How is heat supplied calculated for an adiabatic cylinder with a moving piston?

[utkarshakash]

Homework Statement

An adiabatic cylinder of length 2l and cross-sectional area A is closed at both ends. A freely moving non-conducting this piston divides the cylinder in two parts. The piston is connected with right end by a spring having force constant K and natural length l. Left part of the cylinder contains one mole of helium and right part contains 0.5 mole of each of helium and oxygen. If initial pressure of gas in each part is P0, calculate heat supplied by the heating coil, connected to left part, to compress the spring through half of its natural length.

The Attempt at a Solution

Let initial temperature in both cylinders be T0 and initial volume of both parts be V.
γ_left = 5/3 and γ_right = 3/2=γ'
For left part
T_0 = T_2 \left( \dfrac{3}{2} \right) ^{\gamma-1} \\

For right part
T_0 = \dfrac{T_1}{2^{\gamma' -1}}

ΔU = ΔU_{left} + ΔU_{right} \\<br /> =\left\{ \left( \dfrac{2}{3} \right) ^{-1/3} + 2^{3/2} - \frac{7}{2} \right\} T_0

ΔW = kl^2/4

According to First Law
ΔQ=ΔU+ΔW

But this does not give the correct answer.
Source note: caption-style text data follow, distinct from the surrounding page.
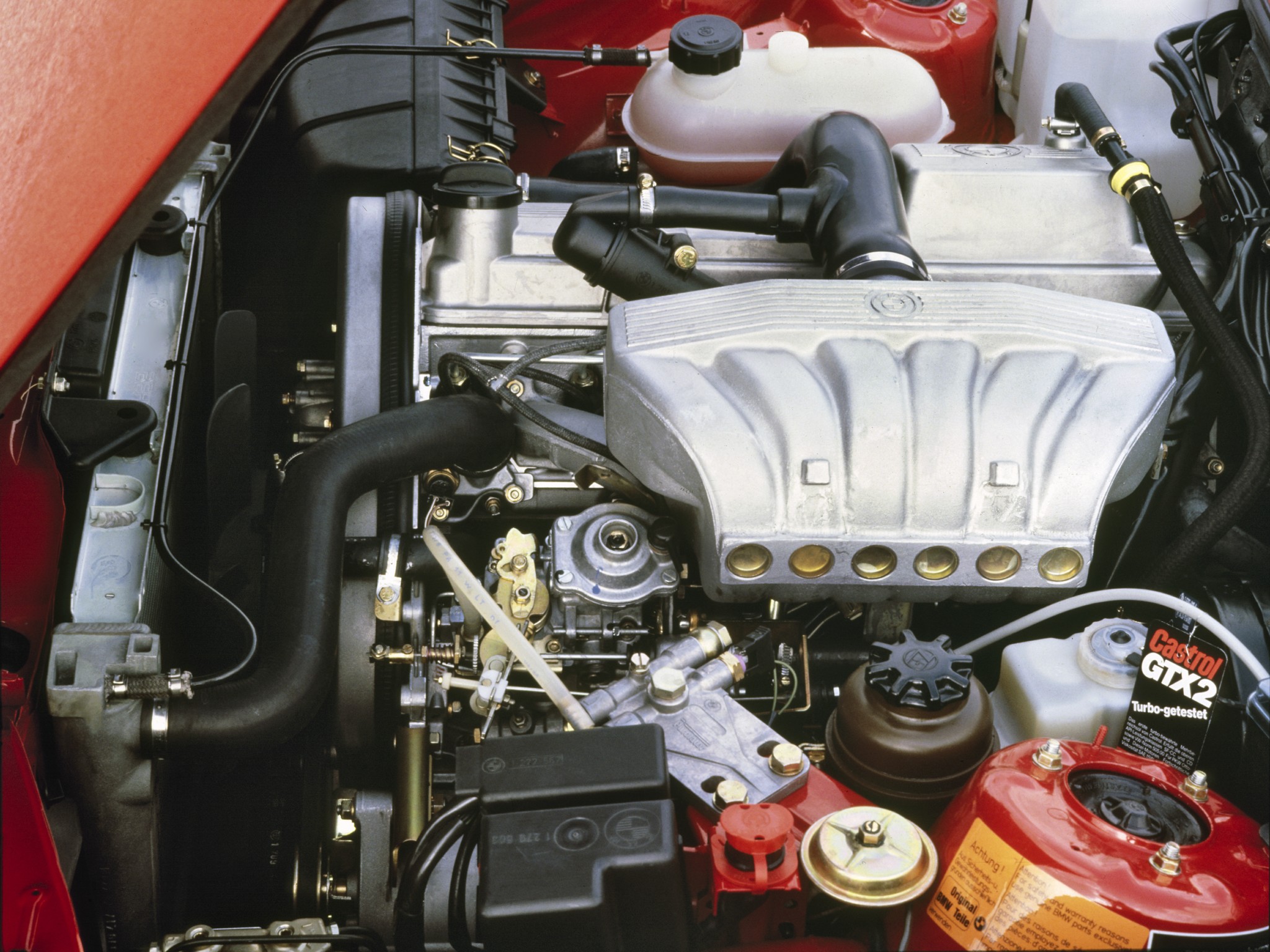 Bmw 3 Series Sedan photo 37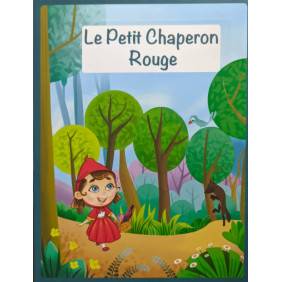 Le petit chaperon rouge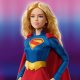 Lalka Barbie Mattel Signature DC Supergirl (JJY04) 4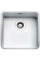 Кухонная мойка Reginox Ohio 40x40 Arctic White
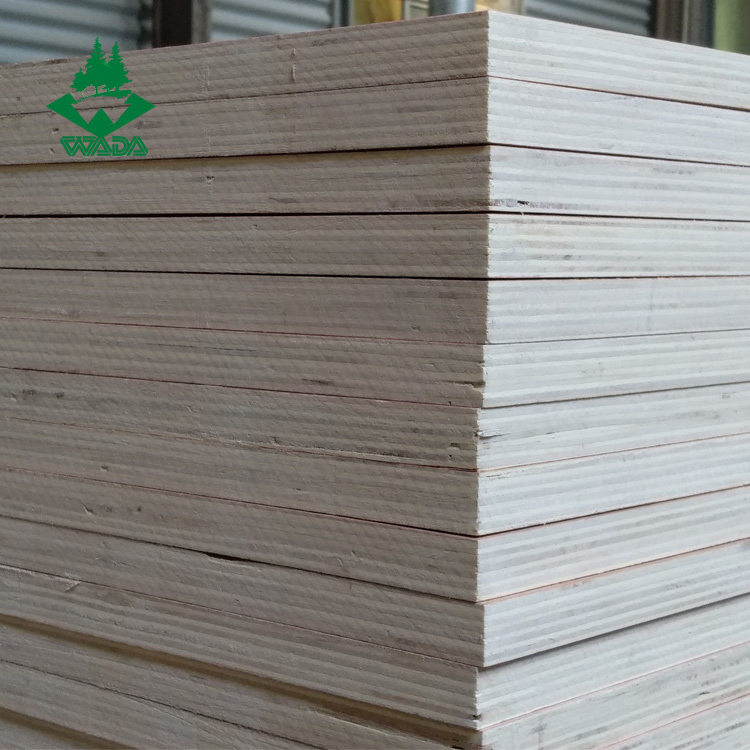 خشب الأبلكاش Plywood للأثاث Product Image Two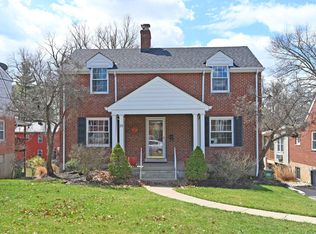 23 Ashton Rd, Fort Mitchell, KY 41017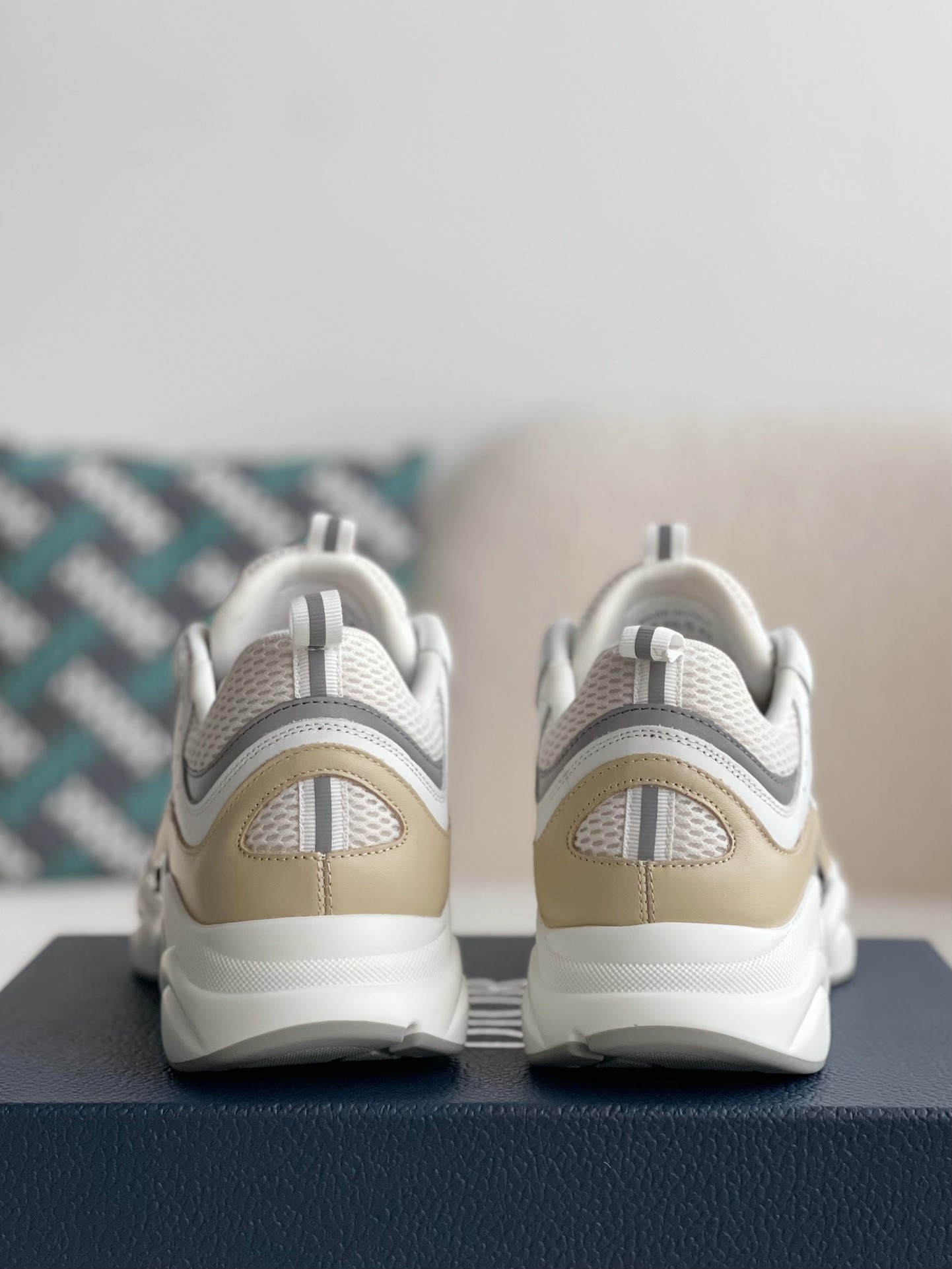 DlOR classic B22 Clunky Sneaker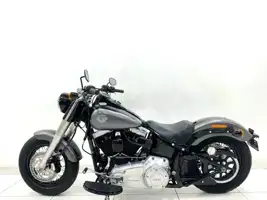 2019 Harley-Davidson Softail Slim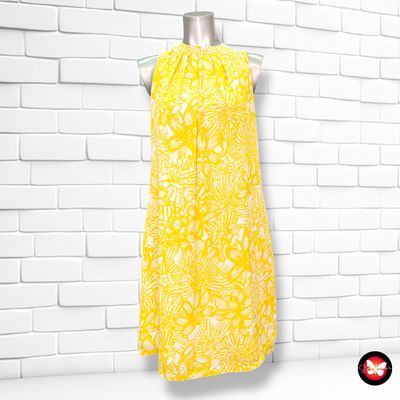 **HOY** Vestido halter H&amp;M Talla 36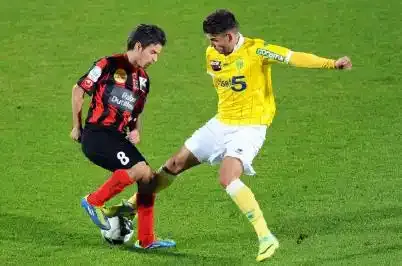 Nantes, fragile malgré lui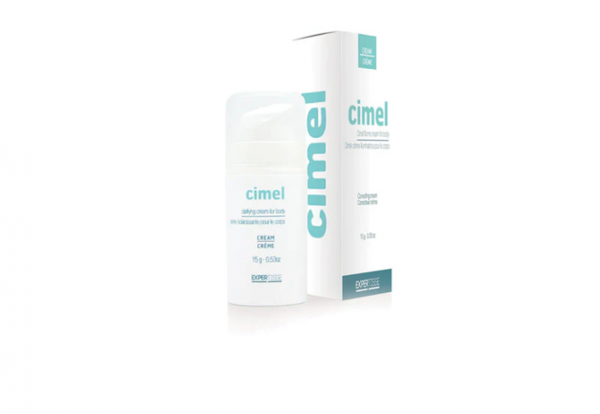 Cimel Illume Clarifying Cream for Body - Cimel - Brampton Cosmetic Surgery Center & Medical Spa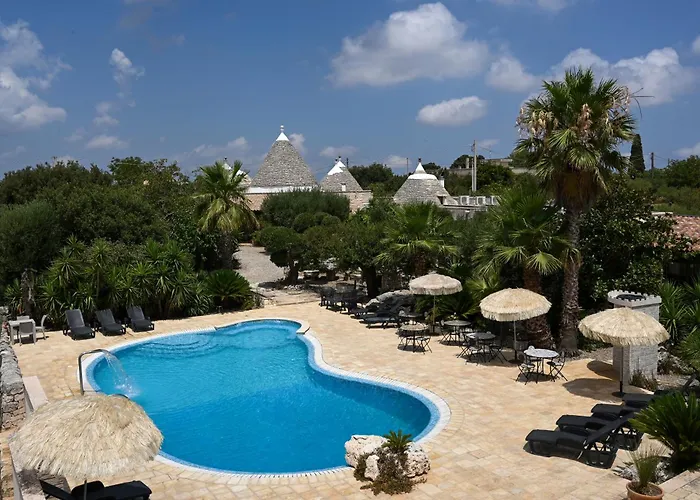 Masseria Pentima Vetrana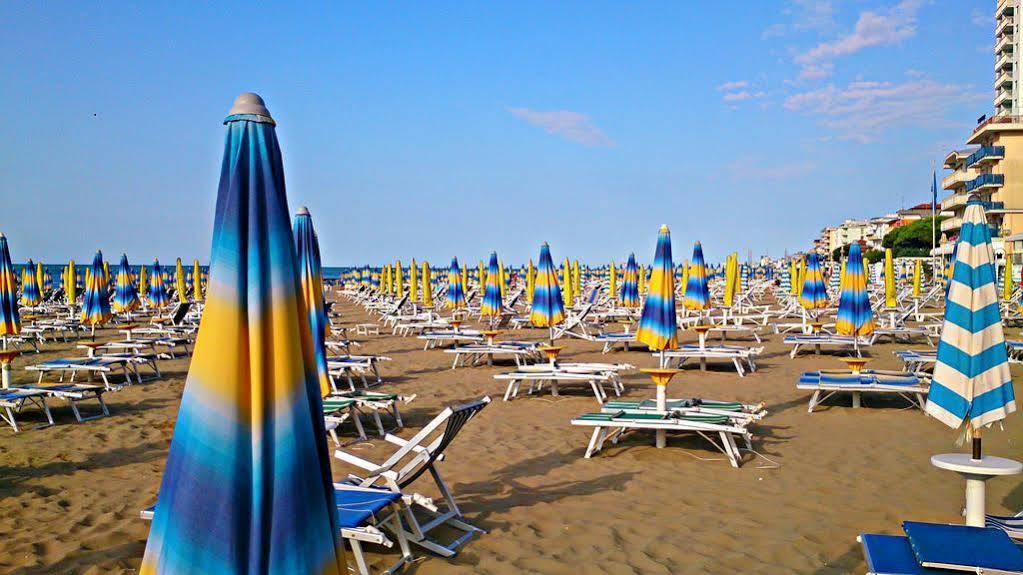 Hotel Madera Lido di Jesolo Exterior foto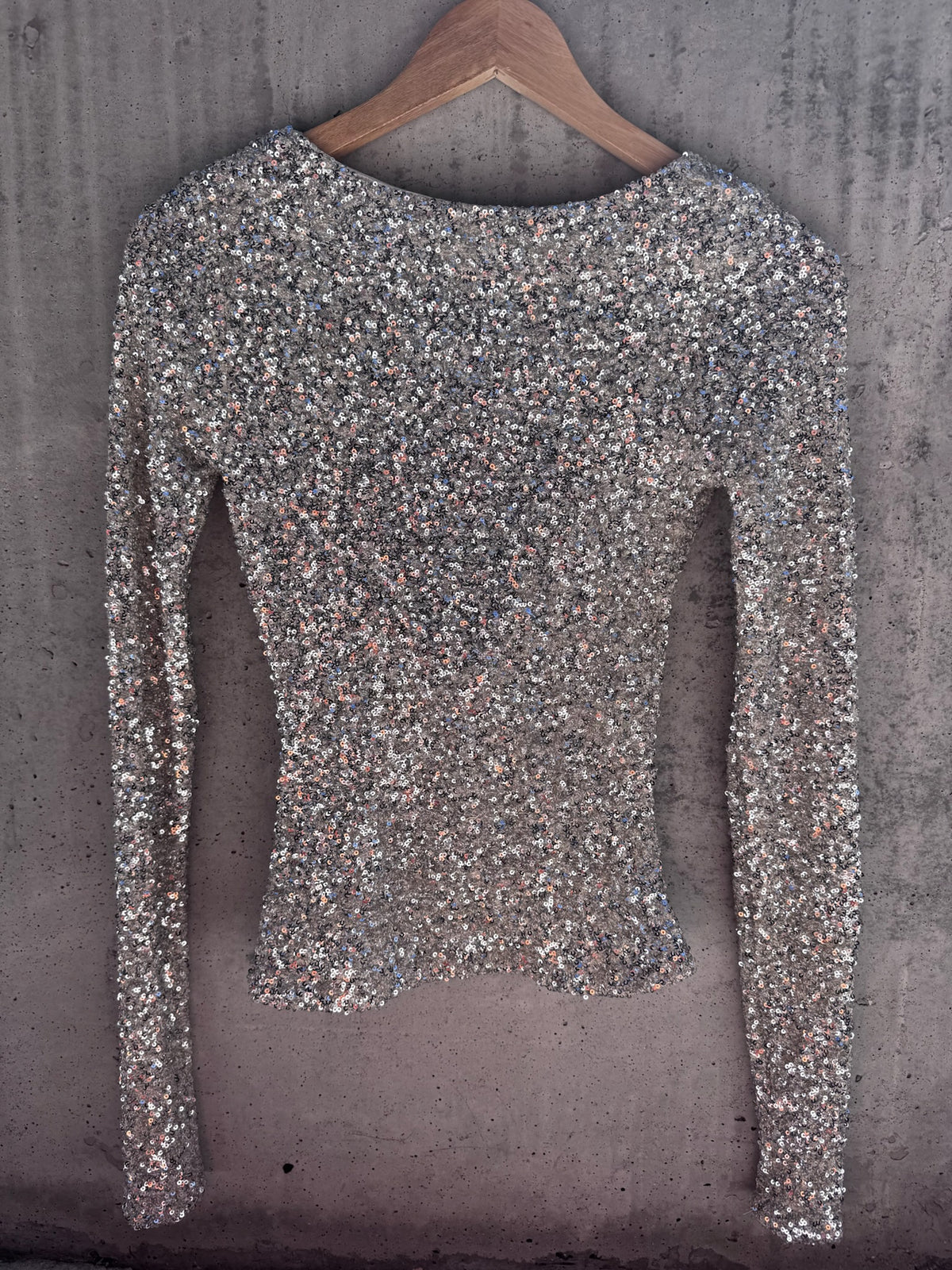 Free People | Leading The Way Long Sleeve Top | Vagabond | Apparel | Boutique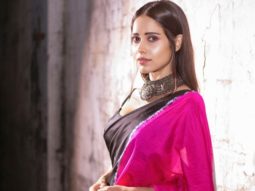 Nushrratt Bharuccha shares her life’s pehli Chhalaang, ahead of her film’s release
I also want to know why this process is considered adiabatic even when heat is being supplied to the system.

 

[Chestermiller]

The cylinder is insulated, but there is an electrical coil inside of it. So for the left side, you can assume that the only heat that enters is via the heating coil. In this case, you are not including the electrical coil as part of your system.

My advice is to focus on the right compartment first. You know everything you need to solve this part. Don't forget that oxygen is diatomic, so its molar Cv is (5/2)R, and the molar Cv of the helium is (3/2)R, so you can get the molar Cv of the mixture in the right compartment.

Chet

 

[utkarshakash]

The cylinder is insulated, but there is an electrical coil inside of it. So for the left side, you can assume that the only heat that enters is via the heating coil. In this case, you are not including the electrical coil as part of your system.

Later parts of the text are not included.